Producer | Data | Data Type |
---|---|---|
Environmental Protection Agency (EPA) | PM2.5 Daily Observations | Point |
National Oceanic and Atmospheric Administration (NOAA) | Wildfire Smoke Plumes | Polygon |
United States Census Bureau | United States Cartographic Boundary | Polygon |
National Oceanic and Atmospheric Administration (NOAA) | Land Surface Temperature | Raster |
Packages
Various R packages can be used to create, import, analyze, and export spatial data. If you have not used these packages previously, they may not be installed on your machine. The following chunk of code installs and imports the packages required to conduct the exploratory analyses in this vignette.
Installing and importing new packages may required R to restart.
vignette_packages <- c(
"dplyr", "ggplot2", "ggpubr", "sf",
"terra", "tidyterra", "utils"
)
for (v in seq_along(vignette_packages)) {
if (vignette_packages[v] %in% installed.packages() == FALSE) {
install.packages(vignette_packages[v])
}
}
library(dplyr)
library(ggplot2)
library(ggpubr)
library(sf)
library(terra)
library(tidyterra)
library(utils)
ggplot2
and ggpubr
The ggplot2
and ggpubr
packages will be used throughout the vignette for creating publication quality plots. Please see ggplot2: Elegant Graphics for Data Analysis (3e) (Wickham (2016)) and ggpubr: ‘ggplot2’ Based Publication Ready Plots (Kassambara (2023)) for in depth descriptions of the syntax and functionality utilized by these packages.

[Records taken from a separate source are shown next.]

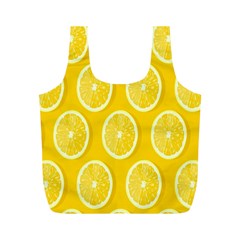 Lemon-fruits-slice-seamless-pattern Full Print Recycle Bag (m) by nate14shop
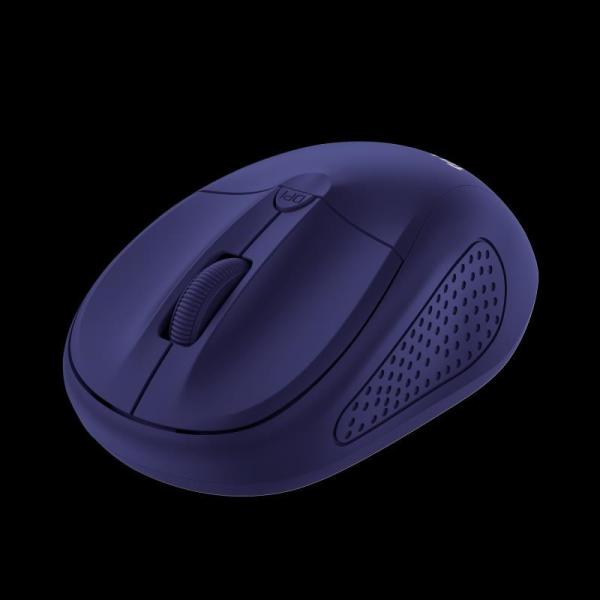 TRUST Myš PRIMO WIRELESS MOUSE MATT BLUE,  USB,  bezdrátová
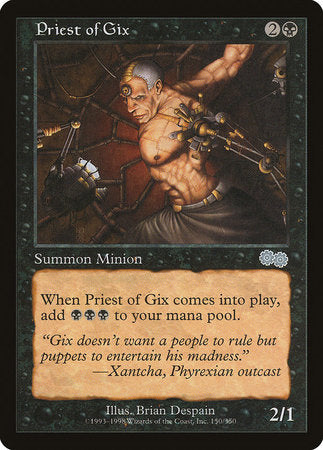 Priest of Gix [Urza's Saga] | Black Swamp Games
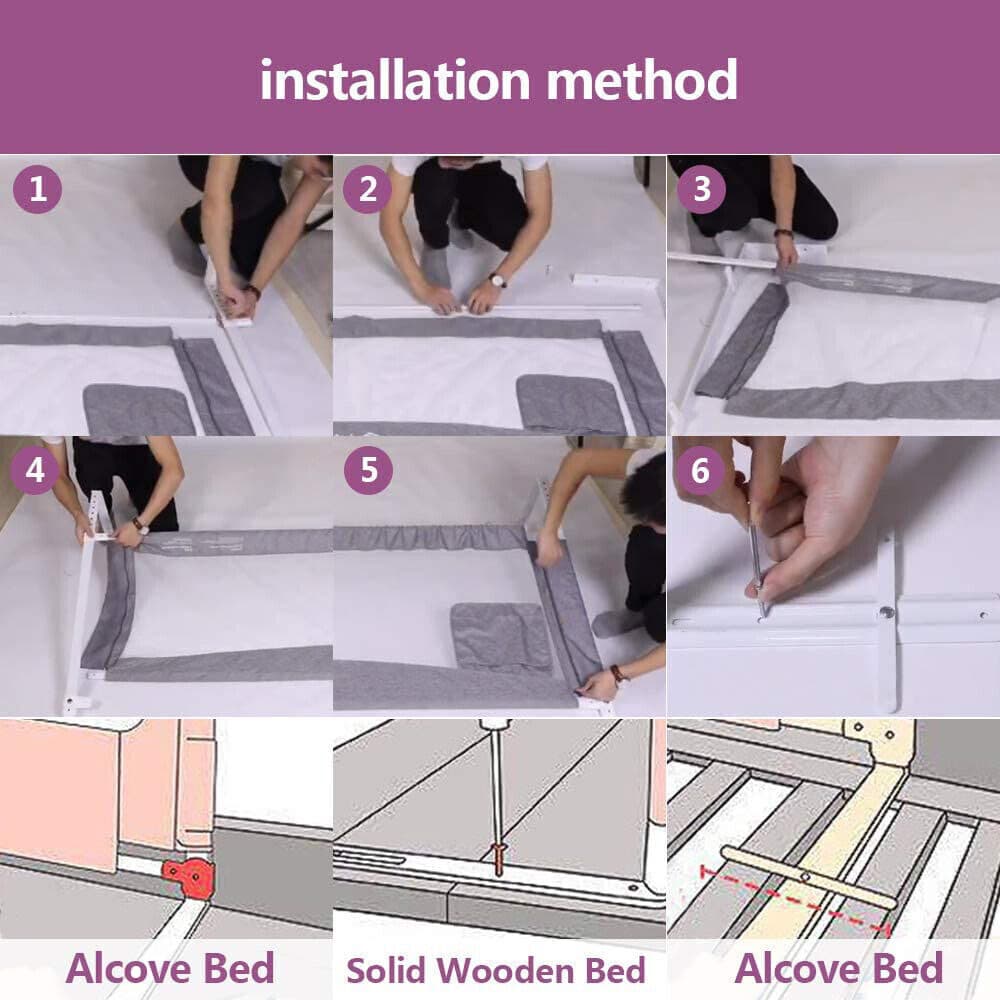 Height-Adjustable 200cm Bed Guard Rail for Toddlers - image 15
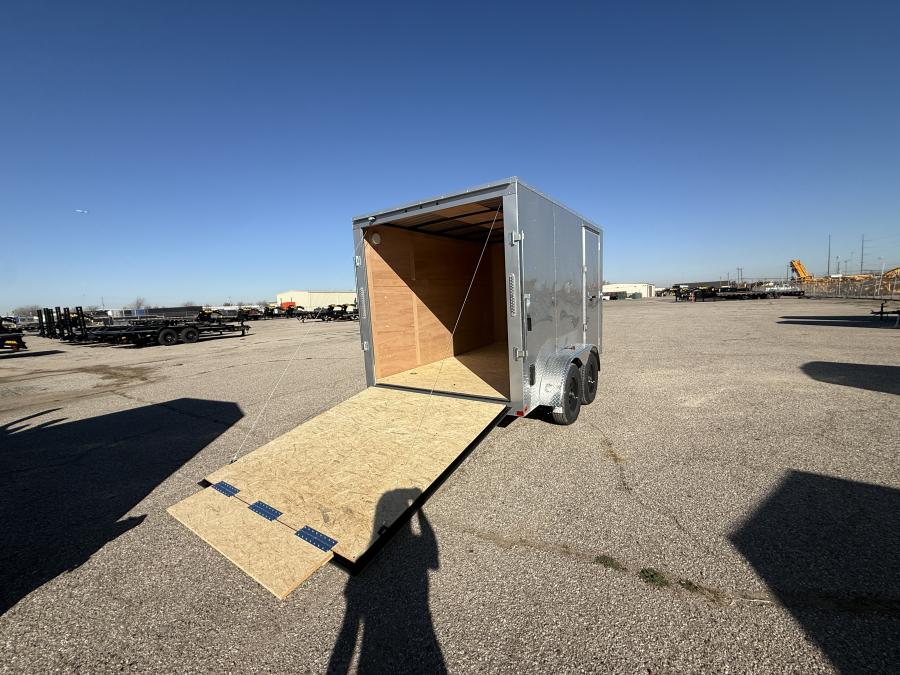 7X12 CARRY-ON ENCLOSED TRAILER 3.5k AXLES and RAMP DOOR Image 3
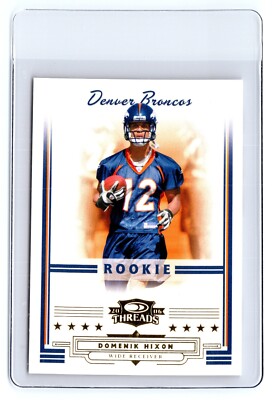 2006 Donruss Threads Rookie #175 Domenik Hixon /999 (RC) Denver Broncos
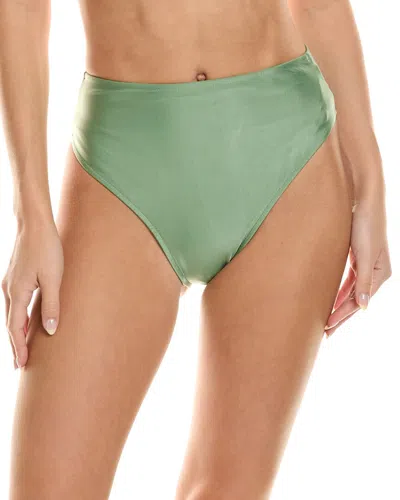 Farm Rio High Waist Bikini Bottom In Green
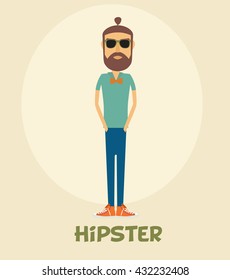 Hipster style look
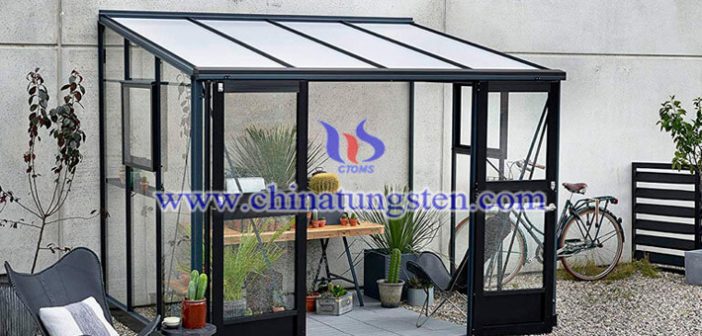 Cs0.32WO3 applied for thermal insulating glass coating picture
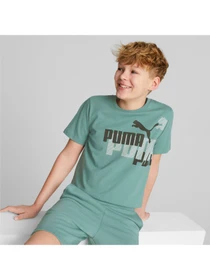 Футболки и поло PUMA Ess+ Logo Power Tee модель 673268 Фото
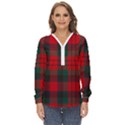 Macduff Modern Tartan Zip Up Long Sleeve Blouse View1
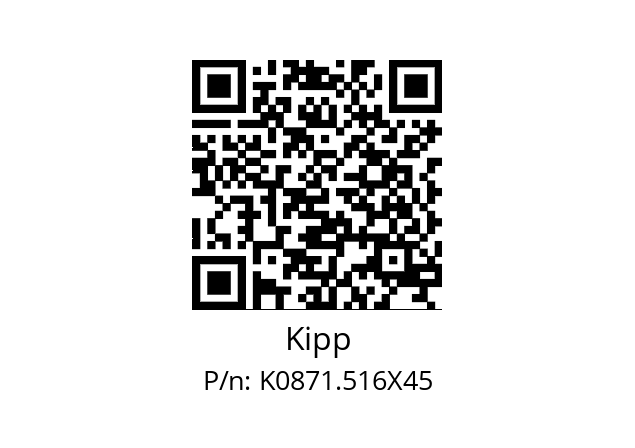   Kipp K0871.516X45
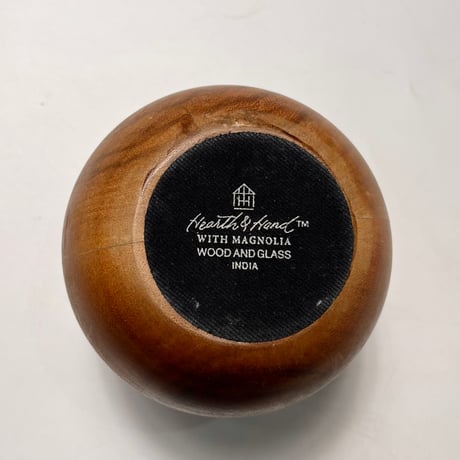 USED WOODEN FLOWER VASE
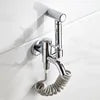 High Pressure Non Electric Eco-Friendly Easy Installation Modern Brass Wall-Mounted Bathroom Shower Bidet Toilet Dual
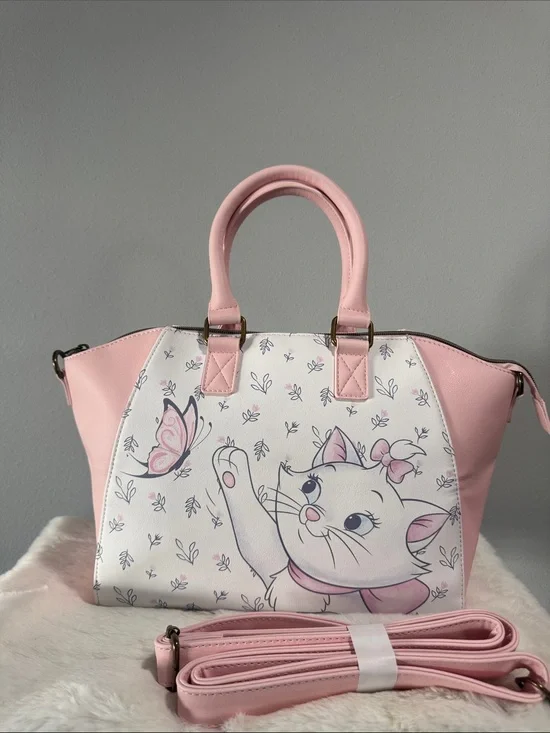 Rare!! Loungefly Disney The Aristocats Marie Floral Butterfly Satchel Bag Pink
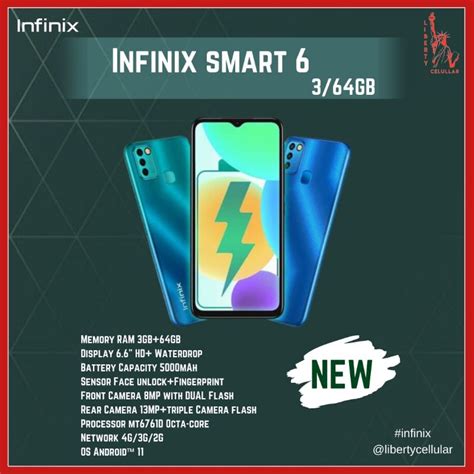 Jual INFINIX SMART 6 2 32 3 64 GARANSI RESMI Shopee Indonesia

The exploratory analyses performed in this vignette are designed for educational purposes only. The results of the following analyses are not peer-reviewed findings, nor are they based on any hypotheses.
Coordinate reference systems and projections
Coordinate reference systems (CRS) are important for spatial analyses as they define how spatial data align with the Earth’s surface (Lovelace, Nowosad, and Muenchow (2019)). Transforming (projecting) the data to a different CRS may be necessary when combining multiple datasets or creating visuals for particular areas of interest. It is important to note that transforming spatial data can cause distortions in it’s area, direction, distance, or shape (Lovelace, Nowosad, and Muenchow (2019)). The direction and magnitude of these distortions vary depending on the chosen CRS, area of interest, and type of data (Steinwand, Hutchinson, and Snyder (1995)). For guidance on selected the right coordinate reference system based on the data, area of interest, and analysis goals, see Choose the right projection (Choose the Right Projection (2023)).
For the following analyses which focus on the coterminous United States, the Albers Equal Area projection (EPSG Code: 5070) will be utilized.